Provided data: Begin

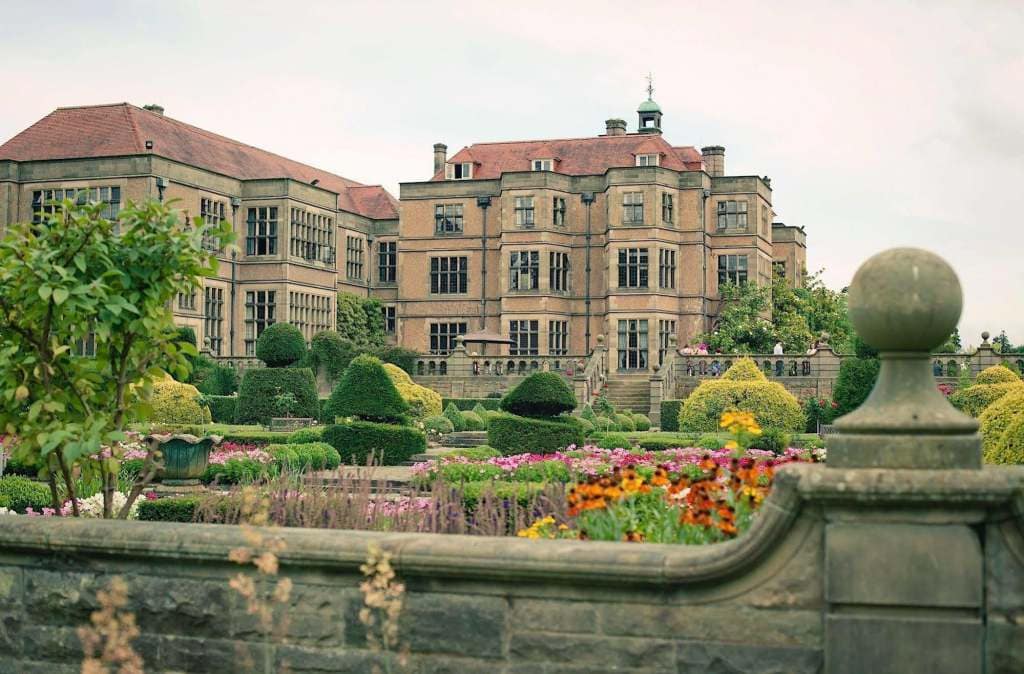 Fanhams Hall Wedding DJ Hire & Disco Hire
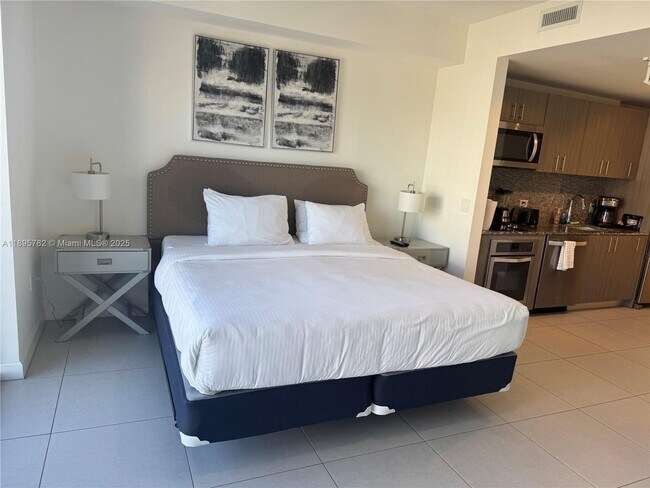 Building Photo - 5350 NW 84th Ave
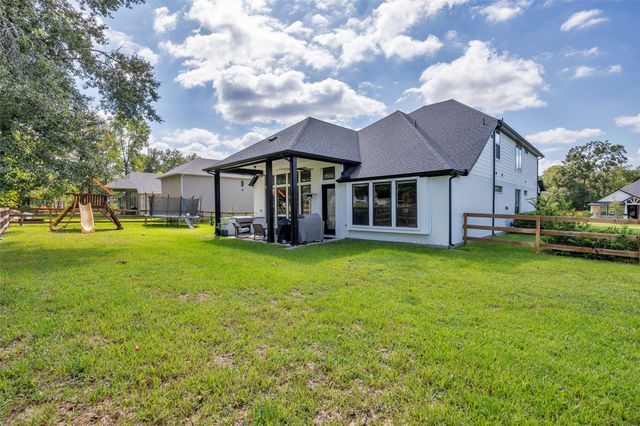 734 Satterwhite Farms Lane, Magnolia, TX 77354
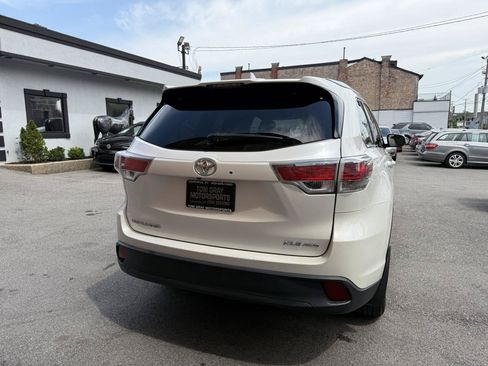 Used 2014 Toyota Highlander XLE AWD/4WD image 3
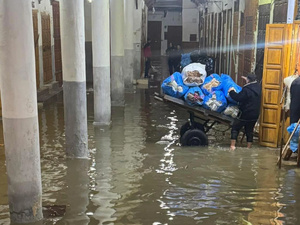 فيضانات القصر الكبير تتسبب في شلل عمل مستشفى القرب وتعطل حياة السكان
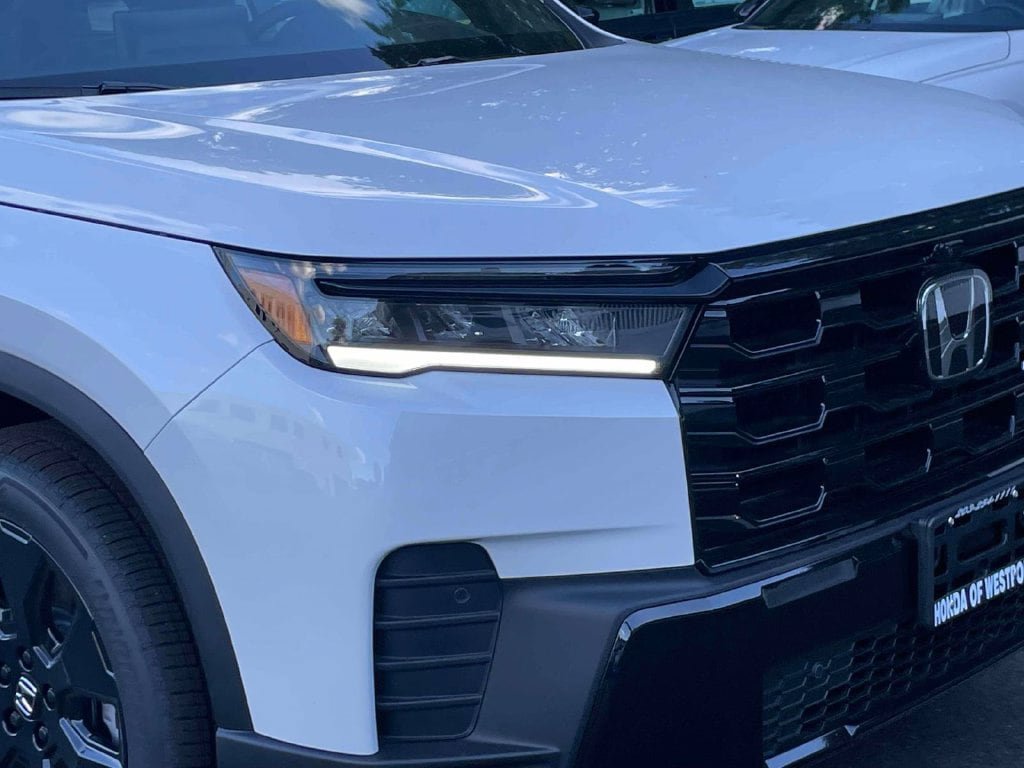 New 2026 Honda Pilot Black Edition image 9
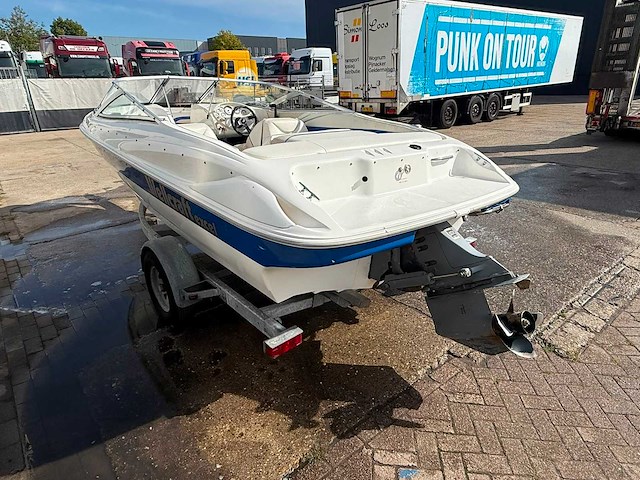 2004 wellcraft excel bowrider speedboot met stallingstrailer - afbeelding 34 van  50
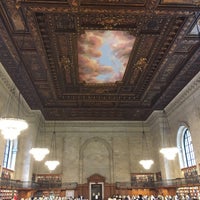 Photo taken at New York Public Library - Science, Industry and Business Library (SIBL) by Andréa L. on 5/25/2018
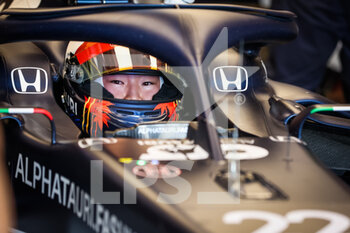 2021-10-22 - TSUNODA Yuki (jap), Scuderia AlphaTauri Honda AT02, portrait during the Formula 1 Aramco United States Grand Prix 2021, 17th round of the 2021 FIA Formula One World Championship from October 21 to 24, 2021 on the Circuit of the Americas, in Austin, Texas, United States of American - FORMULA 1 ARAMCO UNITED STATES GRAND PRIX 2021, 17TH ROUND OF THE 2021 FIA FORMULA ONE WORLD CHAMPIONSHIP - FORMULA 1 - MOTORS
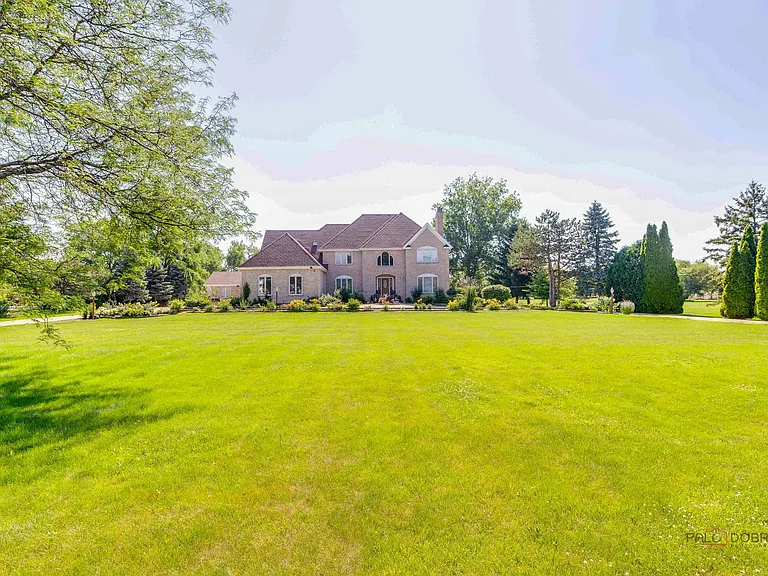 14 Pentwater Dr — Photo 45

Provided data: End

### What needs to be done
Set down again, exactly, the lines of the material above from its first line to the one with "2004 wellcraft excel", inclusive. Leave the pictures out.

### Solution to the exercise
 Fanhams Hall Wedding DJ Hire & Disco Hire
 Building Photo - 5350 NW 84th Ave
 734 Satterwhite Farms Lane, Magnolia, TX 77354
 Used 2014 Toyota Highlander XLE AWD/4WD image 3
 فيضانات القصر الكبير تتسبب في شلل عمل مستشفى القرب وتعطل حياة السكان
 New 2026 Honda Pilot Black Edition image 9
 2004 wellcraft excel bowrider speedboot met stallingstrailer - afbeelding 34 van  50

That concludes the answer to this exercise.